Política

Vale a pena sacrificar convicções para não desperdiçar o voto?

Em eleições, é comum que eleitores recorram ao voto útil, escolhendo candidatos com mais chances de vitória, mesmo que não sejam suas primeiras opções. O objetivo é evitar o “desperdício de votos” e garantir que sua escolha tenha impacto, especialmente para impedir a vitória de um adversário indesejado.

Estudos de Bølstad, Dinas e Riera mostram que, após votar de forma estratégica, eleitores ajustam suas preferências para justificar a escolha, um fenômeno conhecido como dissonância cognitiva. Esse alinhamento entre voto e identidade política fortalece os grandes partidos e contribui para a polarização, dificultando o surgimento de alternativas políticas mais próximas dos anseios populares.

Thomas Fujiwara, em sua análise sobre o impacto das regras eleitorais no Brasil, acrescenta importantes elementos a essa discussão. Ele testou a Lei de Duverger, que afirma que sistemas de turno único favorecem o bipartidarismo. Fujiwara observou que, em municípios com menos de 200 mil eleitores, onde o voto é decidido em um único turno, o voto útil é ainda mais comum. Eleitores tendem a abandonar candidatos em terceiro lugar para apoiar os dois principais concorrentes, o que reforça a polarização.

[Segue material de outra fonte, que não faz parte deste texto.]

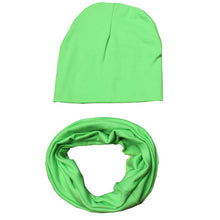 Load image into Gallery viewer, Autumn Winter Baby Hat Set Boys Girls Neck Scarf Spring Warm Neckerchief Kids Beanies Sets Cotton Children Hat Scarf 2pcs Sets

Já em cidades onde há segundo turno, Fujiwara notou que os eleitores se sentem mais à vontade para votar em candidatos com menos chances no primeiro turno, sem medo de desperdiçar votos. Isso aumenta a pluralidade de escolhas e dá visibilidade a novas vozes, sugerindo que sistemas eleitorais mais flexíveis incentivam a diversidade política.

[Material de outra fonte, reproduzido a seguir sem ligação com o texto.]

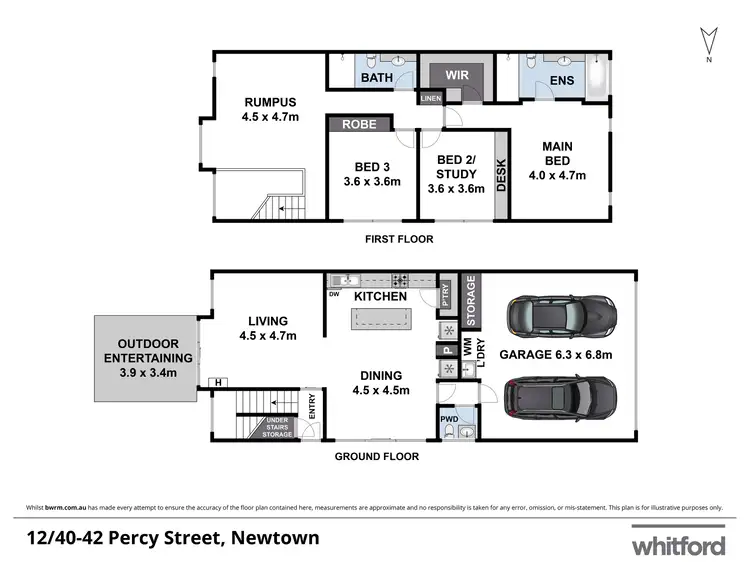 Floorplan of Homely townhouse listing, 12/40-42 Percy Street, Newtown VIC 3220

O fortalecimento dos grandes partidos por meio do voto estratégico tem consequências profundas no sistema político. Fisher e Riera destacam que isso reduz a diversidade partidária, mesmo em contextos onde a pluralidade poderia prosperar. No Reino Unido, por exemplo, o sistema eleitoral se concentra em dois grandes blocos, prejudicando partidos menores e novos movimentos políticos.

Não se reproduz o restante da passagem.